#### Input for this task
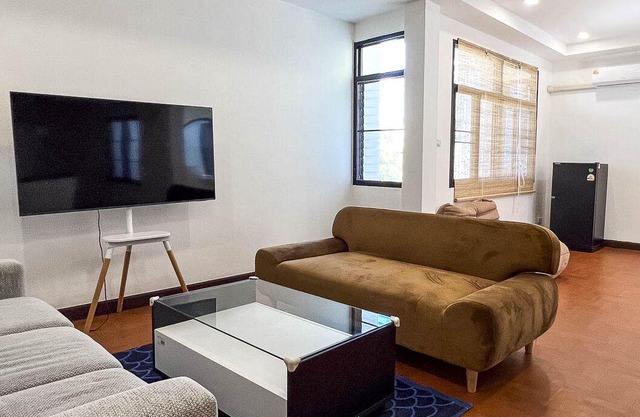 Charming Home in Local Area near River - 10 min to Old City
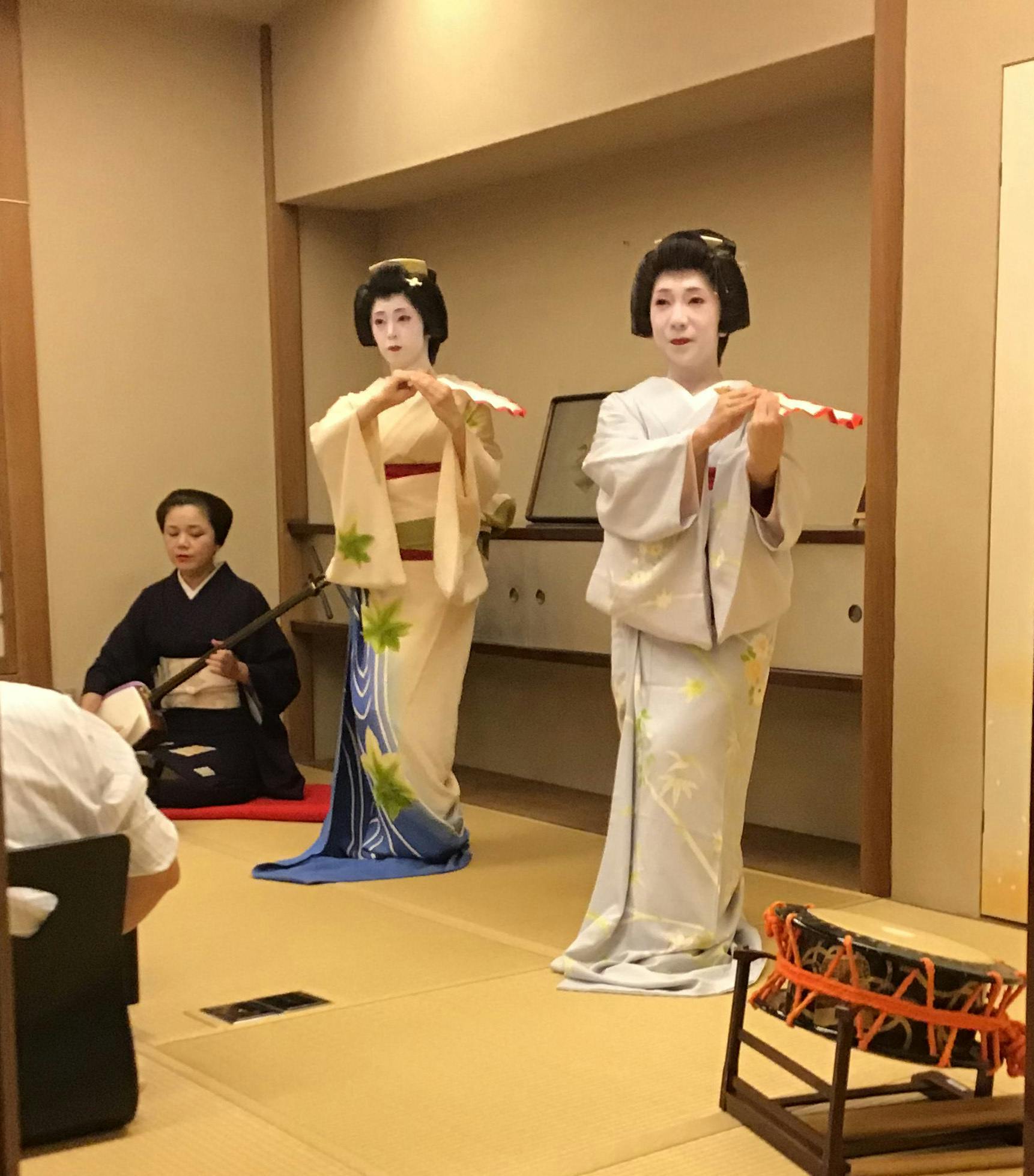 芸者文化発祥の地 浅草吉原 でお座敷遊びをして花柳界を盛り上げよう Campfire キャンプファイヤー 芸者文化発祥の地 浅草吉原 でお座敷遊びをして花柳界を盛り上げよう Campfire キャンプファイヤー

--

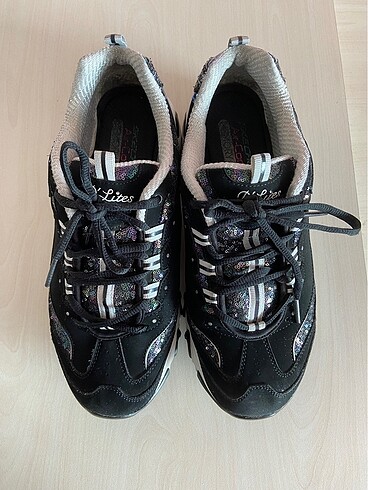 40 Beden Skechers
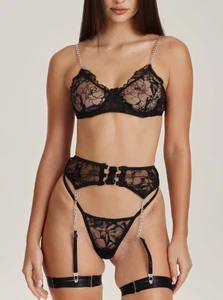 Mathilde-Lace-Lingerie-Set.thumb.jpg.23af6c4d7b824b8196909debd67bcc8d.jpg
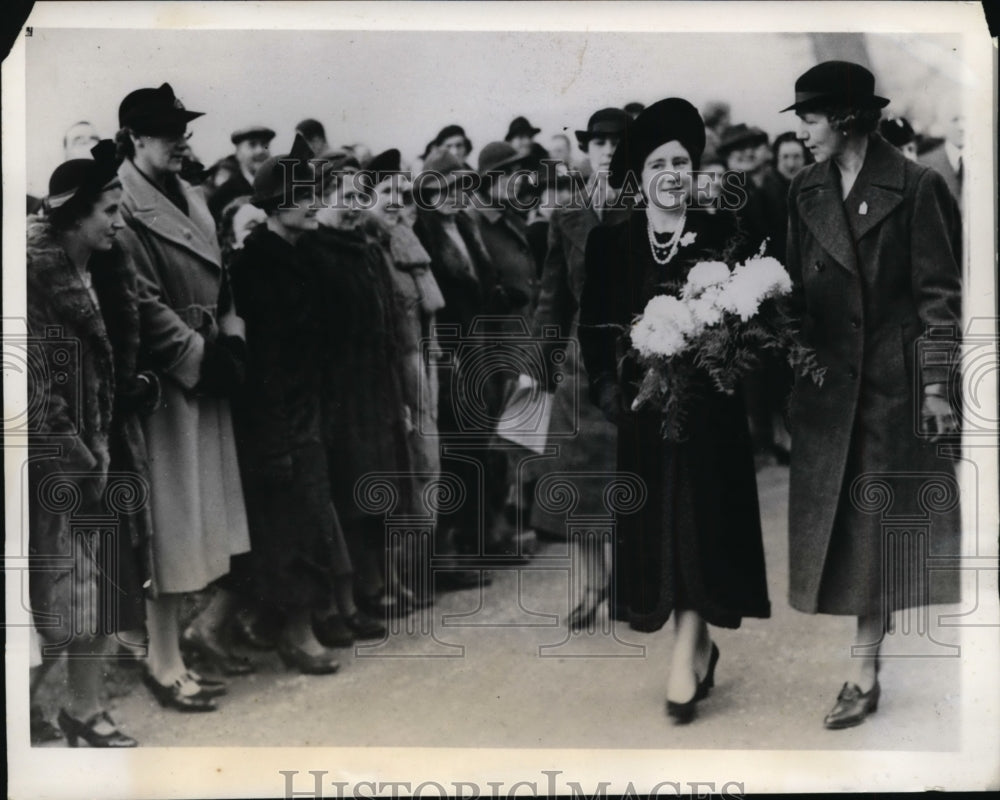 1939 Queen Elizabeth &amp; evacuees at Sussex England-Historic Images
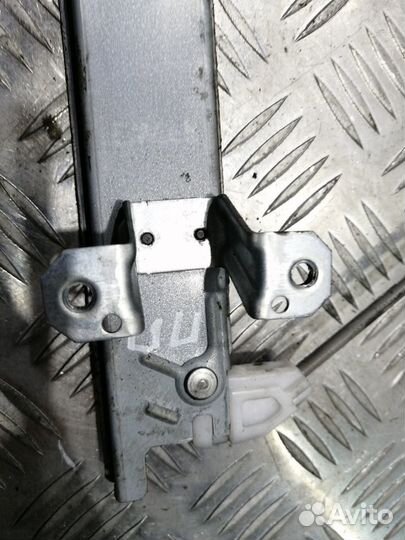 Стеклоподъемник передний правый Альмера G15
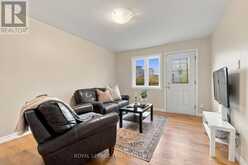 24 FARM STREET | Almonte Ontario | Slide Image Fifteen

#### Exercise
Copy only these lines from the records above, exactly: the one with "Charming Home in", the one with "芸者文化発祥の地 浅草吉原 でお座敷遊びをして花柳界を盛り上げよう Campfire キャンプファイヤー 芸者文化発祥の地", and those between. Skip the pictures.

#### Answer space
 Charming Home in Local Area near River - 10 min to Old City
 芸者文化発祥の地 浅草吉原 でお座敷遊びをして花柳界を盛り上げよう Campfire キャンプファイヤー 芸者文化発祥の地 浅草吉原 でお座敷遊びをして花柳界を盛り上げよう Campfire キャンプファイヤー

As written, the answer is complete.